**What needs to be done**
The entries below hold a line with "girl_创意图片_Getty Images China" and a line with "4 Photograph of". Return those lines and all that lie between them, exactly and only.

**The data**

+ + +

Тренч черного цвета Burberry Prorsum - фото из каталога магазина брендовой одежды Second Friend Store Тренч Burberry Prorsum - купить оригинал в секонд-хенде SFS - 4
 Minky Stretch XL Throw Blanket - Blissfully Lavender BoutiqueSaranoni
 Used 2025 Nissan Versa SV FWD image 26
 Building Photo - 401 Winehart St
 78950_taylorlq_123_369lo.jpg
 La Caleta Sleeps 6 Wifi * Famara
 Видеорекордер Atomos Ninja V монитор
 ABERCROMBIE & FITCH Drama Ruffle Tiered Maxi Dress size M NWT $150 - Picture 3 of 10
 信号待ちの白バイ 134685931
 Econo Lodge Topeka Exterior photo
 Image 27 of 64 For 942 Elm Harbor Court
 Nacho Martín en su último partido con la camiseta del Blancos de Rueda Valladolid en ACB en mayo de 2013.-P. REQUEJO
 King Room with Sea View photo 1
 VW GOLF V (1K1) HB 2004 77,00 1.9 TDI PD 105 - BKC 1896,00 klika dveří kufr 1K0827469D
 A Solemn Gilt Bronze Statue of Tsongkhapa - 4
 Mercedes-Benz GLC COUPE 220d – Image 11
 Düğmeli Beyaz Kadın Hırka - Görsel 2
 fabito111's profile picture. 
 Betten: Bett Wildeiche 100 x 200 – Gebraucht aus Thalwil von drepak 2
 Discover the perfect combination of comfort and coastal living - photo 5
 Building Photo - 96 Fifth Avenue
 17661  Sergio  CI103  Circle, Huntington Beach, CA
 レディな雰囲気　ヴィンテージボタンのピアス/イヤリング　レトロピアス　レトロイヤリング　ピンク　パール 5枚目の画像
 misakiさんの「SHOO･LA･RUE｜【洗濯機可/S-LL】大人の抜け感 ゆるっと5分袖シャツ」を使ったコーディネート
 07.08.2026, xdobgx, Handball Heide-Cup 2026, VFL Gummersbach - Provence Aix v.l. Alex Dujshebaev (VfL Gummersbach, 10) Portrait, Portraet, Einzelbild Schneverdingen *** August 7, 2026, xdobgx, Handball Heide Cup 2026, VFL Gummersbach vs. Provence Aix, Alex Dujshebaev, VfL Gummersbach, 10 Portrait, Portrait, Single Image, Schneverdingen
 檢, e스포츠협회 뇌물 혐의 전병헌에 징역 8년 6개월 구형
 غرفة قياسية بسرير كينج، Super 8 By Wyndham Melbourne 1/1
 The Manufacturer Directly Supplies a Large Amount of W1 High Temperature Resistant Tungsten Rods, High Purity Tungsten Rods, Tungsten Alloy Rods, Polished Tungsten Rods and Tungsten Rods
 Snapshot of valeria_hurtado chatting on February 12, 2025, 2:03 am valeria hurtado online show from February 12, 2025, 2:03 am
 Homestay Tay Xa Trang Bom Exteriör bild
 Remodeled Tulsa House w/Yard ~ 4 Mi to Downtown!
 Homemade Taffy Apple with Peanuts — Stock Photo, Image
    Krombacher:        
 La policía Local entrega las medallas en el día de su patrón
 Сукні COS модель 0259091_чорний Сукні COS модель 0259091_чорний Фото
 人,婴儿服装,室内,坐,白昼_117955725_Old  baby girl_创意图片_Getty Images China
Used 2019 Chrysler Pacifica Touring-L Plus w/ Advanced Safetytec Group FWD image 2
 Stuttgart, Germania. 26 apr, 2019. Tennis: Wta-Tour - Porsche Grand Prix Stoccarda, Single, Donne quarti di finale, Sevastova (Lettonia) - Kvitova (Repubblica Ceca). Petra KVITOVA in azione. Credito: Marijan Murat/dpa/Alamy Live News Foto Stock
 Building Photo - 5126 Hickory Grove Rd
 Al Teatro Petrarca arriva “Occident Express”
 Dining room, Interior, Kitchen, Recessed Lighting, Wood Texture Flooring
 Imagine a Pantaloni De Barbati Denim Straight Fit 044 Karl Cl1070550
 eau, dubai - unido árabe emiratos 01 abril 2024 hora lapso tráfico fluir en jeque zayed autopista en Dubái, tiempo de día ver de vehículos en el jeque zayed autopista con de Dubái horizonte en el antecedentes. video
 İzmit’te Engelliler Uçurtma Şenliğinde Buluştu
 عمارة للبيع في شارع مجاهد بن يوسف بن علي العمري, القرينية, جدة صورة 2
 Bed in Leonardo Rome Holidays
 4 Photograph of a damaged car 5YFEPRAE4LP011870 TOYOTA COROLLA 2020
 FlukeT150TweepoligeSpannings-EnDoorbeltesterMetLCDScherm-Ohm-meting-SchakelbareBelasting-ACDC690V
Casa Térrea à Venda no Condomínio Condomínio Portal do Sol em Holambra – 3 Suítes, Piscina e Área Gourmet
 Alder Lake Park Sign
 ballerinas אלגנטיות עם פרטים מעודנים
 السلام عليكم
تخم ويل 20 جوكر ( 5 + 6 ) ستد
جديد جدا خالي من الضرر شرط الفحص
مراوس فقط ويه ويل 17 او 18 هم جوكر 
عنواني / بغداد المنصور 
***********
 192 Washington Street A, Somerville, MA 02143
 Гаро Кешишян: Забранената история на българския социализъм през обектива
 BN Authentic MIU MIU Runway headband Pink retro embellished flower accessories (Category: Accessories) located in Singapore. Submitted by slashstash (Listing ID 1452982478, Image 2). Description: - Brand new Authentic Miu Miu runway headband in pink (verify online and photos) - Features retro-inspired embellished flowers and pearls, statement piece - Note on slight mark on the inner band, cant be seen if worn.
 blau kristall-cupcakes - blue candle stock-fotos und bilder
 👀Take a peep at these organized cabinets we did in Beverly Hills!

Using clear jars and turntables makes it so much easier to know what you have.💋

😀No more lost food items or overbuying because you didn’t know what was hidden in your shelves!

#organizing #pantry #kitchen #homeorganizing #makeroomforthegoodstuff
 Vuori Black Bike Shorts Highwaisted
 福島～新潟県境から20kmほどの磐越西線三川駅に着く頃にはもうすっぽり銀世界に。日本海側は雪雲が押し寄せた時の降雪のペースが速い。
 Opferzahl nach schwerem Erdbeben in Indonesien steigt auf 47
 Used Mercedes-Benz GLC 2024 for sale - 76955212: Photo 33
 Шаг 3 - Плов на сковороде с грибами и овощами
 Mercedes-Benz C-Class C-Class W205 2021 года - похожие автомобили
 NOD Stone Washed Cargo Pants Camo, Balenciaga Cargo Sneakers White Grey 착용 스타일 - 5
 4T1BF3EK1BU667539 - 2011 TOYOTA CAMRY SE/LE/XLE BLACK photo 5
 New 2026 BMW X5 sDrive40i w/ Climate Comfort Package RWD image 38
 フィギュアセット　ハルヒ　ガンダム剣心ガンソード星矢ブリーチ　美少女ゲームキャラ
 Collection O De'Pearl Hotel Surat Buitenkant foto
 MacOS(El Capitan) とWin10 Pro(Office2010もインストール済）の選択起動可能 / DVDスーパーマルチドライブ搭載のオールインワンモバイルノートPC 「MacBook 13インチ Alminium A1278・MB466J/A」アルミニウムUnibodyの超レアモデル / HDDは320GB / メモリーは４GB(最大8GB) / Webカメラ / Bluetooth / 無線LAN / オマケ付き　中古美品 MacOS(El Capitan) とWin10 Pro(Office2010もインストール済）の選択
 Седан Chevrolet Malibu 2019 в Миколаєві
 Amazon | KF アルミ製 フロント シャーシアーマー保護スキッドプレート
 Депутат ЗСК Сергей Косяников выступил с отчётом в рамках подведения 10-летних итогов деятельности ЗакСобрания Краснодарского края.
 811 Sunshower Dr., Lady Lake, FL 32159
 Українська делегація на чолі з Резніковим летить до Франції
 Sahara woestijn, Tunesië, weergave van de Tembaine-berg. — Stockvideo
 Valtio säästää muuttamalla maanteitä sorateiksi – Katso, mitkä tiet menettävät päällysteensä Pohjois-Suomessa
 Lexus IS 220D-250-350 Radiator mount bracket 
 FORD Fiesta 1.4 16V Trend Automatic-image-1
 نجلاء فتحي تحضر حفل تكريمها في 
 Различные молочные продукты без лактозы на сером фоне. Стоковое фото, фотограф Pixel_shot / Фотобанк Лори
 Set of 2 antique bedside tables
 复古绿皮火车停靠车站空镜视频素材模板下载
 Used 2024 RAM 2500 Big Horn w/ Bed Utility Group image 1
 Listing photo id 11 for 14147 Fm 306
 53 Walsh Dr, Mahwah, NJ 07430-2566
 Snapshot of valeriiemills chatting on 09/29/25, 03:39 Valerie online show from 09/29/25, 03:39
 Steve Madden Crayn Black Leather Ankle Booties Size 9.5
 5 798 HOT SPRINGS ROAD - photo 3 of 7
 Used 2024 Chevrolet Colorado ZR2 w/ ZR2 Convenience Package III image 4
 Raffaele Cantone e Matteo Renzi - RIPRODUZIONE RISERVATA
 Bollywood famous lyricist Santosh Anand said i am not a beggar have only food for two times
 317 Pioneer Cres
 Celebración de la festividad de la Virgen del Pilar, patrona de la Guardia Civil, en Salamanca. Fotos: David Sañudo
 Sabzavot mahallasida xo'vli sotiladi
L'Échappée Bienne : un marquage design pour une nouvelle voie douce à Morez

+ + +

**Finished exercise**
 人,婴儿服装,室内,坐,白昼_117955725_Old  baby girl_创意图片_Getty Images China
Used 2019 Chrysler Pacifica Touring-L Plus w/ Advanced Safetytec Group FWD image 2
 Stuttgart, Germania. 26 apr, 2019. Tennis: Wta-Tour - Porsche Grand Prix Stoccarda, Single, Donne quarti di finale, Sevastova (Lettonia) - Kvitova (Repubblica Ceca). Petra KVITOVA in azione. Credito: Marijan Murat/dpa/Alamy Live News Foto Stock
 Building Photo - 5126 Hickory Grove Rd
 Al Teatro Petrarca arriva “Occident Express”
 Dining room, Interior, Kitchen, Recessed Lighting, Wood Texture Flooring
 Imagine a Pantaloni De Barbati Denim Straight Fit 044 Karl Cl1070550
 eau, dubai - unido árabe emiratos 01 abril 2024 hora lapso tráfico fluir en jeque zayed autopista en Dubái, tiempo de día ver de vehículos en el jeque zayed autopista con de Dubái horizonte en el antecedentes. video
 İzmit’te Engelliler Uçurtma Şenliğinde Buluştu
 عمارة للبيع في شارع مجاهد بن يوسف بن علي العمري, القرينية, جدة صورة 2
 Bed in Leonardo Rome Holidays
 4 Photograph of a damaged car 5YFEPRAE4LP011870 TOYOTA COROLLA 2020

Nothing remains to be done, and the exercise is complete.